Oct. 13 (Bloomberg) -- India may allow state-owned companies to buy back shares held by the government, providing the country with funds to fill a budget gap after proceeds from public offerings of the stakes have dwindled.
“Some of these companies are cash rich and their cash hoard is bigger than their annual turnover,” Disinvestment Secretary Mohammad Haleem Khan said in an interview in New Delhi yesterday. “They have their minds open to all options available to non-state companies.”
Selling the stakes back to companies is one way the government could make progress toward a goal of raising 400 billion rupees ($8.2 billion) in the year through March. Limited to public stock offerings so far, India has raised 11.4 billion rupees since April, or about 3 percent of the target, as falling stock markets hurt demand for the shares.

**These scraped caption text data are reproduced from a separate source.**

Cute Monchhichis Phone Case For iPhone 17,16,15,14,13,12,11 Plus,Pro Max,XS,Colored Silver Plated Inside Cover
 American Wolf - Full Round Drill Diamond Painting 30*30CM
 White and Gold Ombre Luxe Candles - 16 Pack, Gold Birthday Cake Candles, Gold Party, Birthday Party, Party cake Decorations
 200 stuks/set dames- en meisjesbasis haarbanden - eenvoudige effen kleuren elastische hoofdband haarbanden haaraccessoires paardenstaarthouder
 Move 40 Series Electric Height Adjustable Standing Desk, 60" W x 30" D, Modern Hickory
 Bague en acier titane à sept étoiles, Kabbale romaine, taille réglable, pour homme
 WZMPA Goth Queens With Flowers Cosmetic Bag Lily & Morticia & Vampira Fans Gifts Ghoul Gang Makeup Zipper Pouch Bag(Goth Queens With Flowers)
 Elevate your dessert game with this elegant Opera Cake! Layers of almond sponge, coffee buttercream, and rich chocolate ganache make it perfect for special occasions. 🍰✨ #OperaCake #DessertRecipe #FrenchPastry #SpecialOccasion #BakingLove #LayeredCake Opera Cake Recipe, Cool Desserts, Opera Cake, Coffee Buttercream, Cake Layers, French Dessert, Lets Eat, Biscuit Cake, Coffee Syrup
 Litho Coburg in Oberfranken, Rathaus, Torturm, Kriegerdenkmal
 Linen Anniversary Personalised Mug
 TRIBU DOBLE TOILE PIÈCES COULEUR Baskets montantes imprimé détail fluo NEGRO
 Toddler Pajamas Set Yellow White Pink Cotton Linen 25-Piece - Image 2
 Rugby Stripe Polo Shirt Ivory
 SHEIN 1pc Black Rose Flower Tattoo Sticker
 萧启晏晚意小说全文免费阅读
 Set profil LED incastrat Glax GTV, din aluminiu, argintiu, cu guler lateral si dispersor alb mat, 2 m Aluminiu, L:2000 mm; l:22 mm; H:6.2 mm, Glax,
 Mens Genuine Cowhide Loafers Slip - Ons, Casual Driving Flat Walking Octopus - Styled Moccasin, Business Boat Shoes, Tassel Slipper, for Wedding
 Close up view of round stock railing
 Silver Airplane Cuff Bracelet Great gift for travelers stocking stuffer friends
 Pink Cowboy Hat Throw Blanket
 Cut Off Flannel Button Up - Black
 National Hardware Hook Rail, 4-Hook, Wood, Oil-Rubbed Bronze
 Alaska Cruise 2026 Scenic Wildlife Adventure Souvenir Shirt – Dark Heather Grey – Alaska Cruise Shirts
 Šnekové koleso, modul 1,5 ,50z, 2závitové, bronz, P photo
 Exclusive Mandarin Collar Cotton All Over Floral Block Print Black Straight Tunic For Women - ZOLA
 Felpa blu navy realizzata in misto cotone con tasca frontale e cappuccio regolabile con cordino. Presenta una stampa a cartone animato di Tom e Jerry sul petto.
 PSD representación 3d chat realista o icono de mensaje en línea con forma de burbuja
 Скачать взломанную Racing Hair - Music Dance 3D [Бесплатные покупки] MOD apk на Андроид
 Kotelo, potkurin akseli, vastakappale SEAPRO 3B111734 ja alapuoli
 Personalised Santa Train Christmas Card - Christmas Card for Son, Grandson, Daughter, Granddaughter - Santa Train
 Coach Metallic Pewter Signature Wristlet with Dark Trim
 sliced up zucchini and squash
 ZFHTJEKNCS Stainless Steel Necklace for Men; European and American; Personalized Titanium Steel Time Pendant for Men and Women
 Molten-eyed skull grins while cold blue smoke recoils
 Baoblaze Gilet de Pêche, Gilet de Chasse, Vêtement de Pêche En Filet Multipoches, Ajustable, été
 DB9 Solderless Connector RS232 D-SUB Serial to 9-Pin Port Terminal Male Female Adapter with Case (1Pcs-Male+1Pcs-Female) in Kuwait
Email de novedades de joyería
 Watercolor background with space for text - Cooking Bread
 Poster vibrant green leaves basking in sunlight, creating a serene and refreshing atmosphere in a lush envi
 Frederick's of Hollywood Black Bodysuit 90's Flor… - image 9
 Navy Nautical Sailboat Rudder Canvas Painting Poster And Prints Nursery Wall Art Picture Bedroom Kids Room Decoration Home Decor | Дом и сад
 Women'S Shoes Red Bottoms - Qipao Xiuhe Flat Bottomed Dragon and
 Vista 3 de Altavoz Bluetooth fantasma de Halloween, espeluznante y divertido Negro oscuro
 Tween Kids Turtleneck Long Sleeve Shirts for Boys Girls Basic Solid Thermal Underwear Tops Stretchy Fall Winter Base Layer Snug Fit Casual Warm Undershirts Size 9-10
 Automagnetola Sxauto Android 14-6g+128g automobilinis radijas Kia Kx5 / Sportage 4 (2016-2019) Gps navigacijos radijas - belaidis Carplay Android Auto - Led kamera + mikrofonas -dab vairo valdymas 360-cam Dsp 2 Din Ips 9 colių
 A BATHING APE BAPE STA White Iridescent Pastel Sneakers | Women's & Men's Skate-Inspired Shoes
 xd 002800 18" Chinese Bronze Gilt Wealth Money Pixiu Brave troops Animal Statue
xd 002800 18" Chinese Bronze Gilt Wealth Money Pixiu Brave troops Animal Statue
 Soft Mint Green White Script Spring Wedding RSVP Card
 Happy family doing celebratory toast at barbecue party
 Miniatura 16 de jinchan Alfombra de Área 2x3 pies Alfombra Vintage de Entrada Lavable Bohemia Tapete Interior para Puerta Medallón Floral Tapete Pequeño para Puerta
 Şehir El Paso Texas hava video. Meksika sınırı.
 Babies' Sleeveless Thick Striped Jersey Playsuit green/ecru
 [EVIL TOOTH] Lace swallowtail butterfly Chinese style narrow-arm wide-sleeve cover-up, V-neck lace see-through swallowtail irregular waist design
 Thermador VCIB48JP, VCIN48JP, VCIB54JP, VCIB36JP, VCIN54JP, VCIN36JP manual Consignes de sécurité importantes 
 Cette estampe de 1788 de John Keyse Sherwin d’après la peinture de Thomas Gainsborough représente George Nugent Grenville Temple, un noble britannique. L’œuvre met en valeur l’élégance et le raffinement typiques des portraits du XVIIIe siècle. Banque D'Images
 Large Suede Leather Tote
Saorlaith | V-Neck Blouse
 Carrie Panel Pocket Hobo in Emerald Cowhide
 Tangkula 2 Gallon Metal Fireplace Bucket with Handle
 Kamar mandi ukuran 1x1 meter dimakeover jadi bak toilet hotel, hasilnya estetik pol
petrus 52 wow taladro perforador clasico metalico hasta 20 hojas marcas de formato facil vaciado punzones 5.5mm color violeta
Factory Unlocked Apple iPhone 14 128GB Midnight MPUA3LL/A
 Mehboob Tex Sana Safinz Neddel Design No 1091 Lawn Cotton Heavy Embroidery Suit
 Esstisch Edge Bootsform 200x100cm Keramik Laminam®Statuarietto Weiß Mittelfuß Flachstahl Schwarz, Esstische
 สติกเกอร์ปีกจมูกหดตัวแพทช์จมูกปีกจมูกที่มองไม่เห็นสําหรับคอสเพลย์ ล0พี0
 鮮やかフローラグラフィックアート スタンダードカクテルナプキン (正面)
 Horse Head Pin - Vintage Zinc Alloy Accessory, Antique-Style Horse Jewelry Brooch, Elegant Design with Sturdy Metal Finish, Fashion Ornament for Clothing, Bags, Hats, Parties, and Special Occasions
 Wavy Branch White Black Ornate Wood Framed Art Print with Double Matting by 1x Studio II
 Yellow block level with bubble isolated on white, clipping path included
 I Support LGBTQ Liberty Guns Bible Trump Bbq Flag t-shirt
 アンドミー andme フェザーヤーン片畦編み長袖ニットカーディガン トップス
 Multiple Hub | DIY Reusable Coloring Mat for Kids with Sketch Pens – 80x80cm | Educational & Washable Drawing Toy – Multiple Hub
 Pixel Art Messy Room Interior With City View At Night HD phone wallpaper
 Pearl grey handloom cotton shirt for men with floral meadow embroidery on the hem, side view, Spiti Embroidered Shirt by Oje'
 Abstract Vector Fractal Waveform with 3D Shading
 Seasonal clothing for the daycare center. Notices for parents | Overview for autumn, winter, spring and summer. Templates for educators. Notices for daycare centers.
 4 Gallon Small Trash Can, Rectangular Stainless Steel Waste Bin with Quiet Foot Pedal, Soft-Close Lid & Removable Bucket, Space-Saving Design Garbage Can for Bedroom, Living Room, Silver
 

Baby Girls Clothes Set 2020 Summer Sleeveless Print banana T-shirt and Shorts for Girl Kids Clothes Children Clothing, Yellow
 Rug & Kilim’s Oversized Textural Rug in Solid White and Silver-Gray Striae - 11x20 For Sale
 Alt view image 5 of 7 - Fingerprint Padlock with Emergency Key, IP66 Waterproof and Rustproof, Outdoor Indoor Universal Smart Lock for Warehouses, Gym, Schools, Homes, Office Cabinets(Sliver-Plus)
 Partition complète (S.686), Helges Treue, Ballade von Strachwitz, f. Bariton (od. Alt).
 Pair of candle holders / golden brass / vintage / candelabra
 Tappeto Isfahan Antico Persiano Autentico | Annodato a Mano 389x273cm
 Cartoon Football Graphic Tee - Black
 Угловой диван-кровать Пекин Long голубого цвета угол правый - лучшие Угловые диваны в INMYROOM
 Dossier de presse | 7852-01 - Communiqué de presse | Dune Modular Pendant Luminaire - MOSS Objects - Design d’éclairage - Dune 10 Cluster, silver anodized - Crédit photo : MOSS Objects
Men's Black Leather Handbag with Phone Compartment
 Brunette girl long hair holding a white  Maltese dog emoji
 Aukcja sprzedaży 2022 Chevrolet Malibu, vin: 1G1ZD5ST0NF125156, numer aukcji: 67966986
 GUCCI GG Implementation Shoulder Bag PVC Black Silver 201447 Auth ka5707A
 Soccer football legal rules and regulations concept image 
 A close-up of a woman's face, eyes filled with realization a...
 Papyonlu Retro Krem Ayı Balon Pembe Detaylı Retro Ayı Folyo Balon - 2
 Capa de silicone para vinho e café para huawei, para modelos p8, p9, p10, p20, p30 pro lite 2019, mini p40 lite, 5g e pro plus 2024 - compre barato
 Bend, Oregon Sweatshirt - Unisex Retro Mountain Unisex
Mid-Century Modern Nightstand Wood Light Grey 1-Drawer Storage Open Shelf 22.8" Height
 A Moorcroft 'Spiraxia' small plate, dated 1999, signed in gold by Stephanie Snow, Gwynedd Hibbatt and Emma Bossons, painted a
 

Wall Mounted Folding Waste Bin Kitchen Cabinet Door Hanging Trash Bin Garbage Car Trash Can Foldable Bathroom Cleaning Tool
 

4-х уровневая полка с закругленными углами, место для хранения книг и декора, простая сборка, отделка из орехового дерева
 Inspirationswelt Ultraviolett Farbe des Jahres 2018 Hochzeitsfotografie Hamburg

Funds raised from asset sales will be used to help plug the nation’s fiscal deficit. India plans to reduce the annual deficit to 4.6 percent of gross domestic product, the lowest in four years.
“For me, it’s not just about meeting a particular target,” said Khan, 58, who assumed his post in June. “I have to meet the expectations of the government regarding the realization of pricing. It is a trade-off.”
Indian companies, including those backed by the government, have raised 290 billion rupees in domestic share sales in 2011, less than half the 700 billion rupees of stock they sold in the same period last year, according to data compiled by Bloomberg.
Foreigners are seeking assurances that India’s growth will continue, according to Khan, who met with fund managers in New York last month. “Some investors, who are very big ones and long-term ones, were saying: ‘Your mode of investment does not let us enter in a big way’,” he said.
State-owned companies allocate 35 percent of new stock offerings to the general public, and don’t reserve a portion of the sale for large funds like privately held companies do.
“If the investment options available to them are very small, it doesn’t fit into their scheme of things,” Khan said, referring to international institutional investors. “Over a period of time, we might be able to look into this.”
The disinvestment department is also considering selling government-held stakes through block trades, or the sale of a large amount of shares at once, said Khan.
India’s largest IPO was that of Coal India Ltd. in October 2010. The sale was 15 times oversubscribed and raised 152 billion rupees, helping the government meet part of its asset- sale target for that year. This year, the government has closed one offering, the 11.4 billion rupee sale of shares in Power Finance Corp.
Khan’s department plans to sell stakes in companies including Oil and Natural Gas Corp., India’s largest energy explorer, Bharat Heavy Electricals Ltd. and National Building Construction Corp. by March, Khan said. The government will meet this month to decide how to proceed with the Oil and Natural Gas stake sale, which was scrapped last month, Khan said.
The government also wants to divest stakes in Rashtriya Ispat Nigam Ltd. and Hindustan Aeronautics Ltd. through initial public offerings that may take place in the first six months of 2012, Khan said. His department also has approval for a stake sale in Tyre Corporation of India Ltd. and is in the process of finding a suitable buyer, he said.
Global investment banks in India have managed most state share sales for near-zero fees as they vie for league table credit that may help them win more advisory roles. As the equity capital markets dried up this year, some firms are balking at working for no pay.
Last month, Edelweiss Financial Services Ltd. and IDFC Capital Ltd. pulled out of a sale by Rashtriya Ispat, India’s second-biggest state-run steelmaker after refusing to match a 1 rupee fee offered by UBS AG. Deutsche Bank AG agreed to the fee, people familiar with the matter said at the time.
“The domestic banks said they are not making money in the present scenario so they would not like to stretch their resources,” Khan said. “If it’s a standalone situation we can continue with the existing practices.”
Still, Khan said India may have to re-evaluate existing fee guidelines should more domestic banks refuse to help underwrite such deals.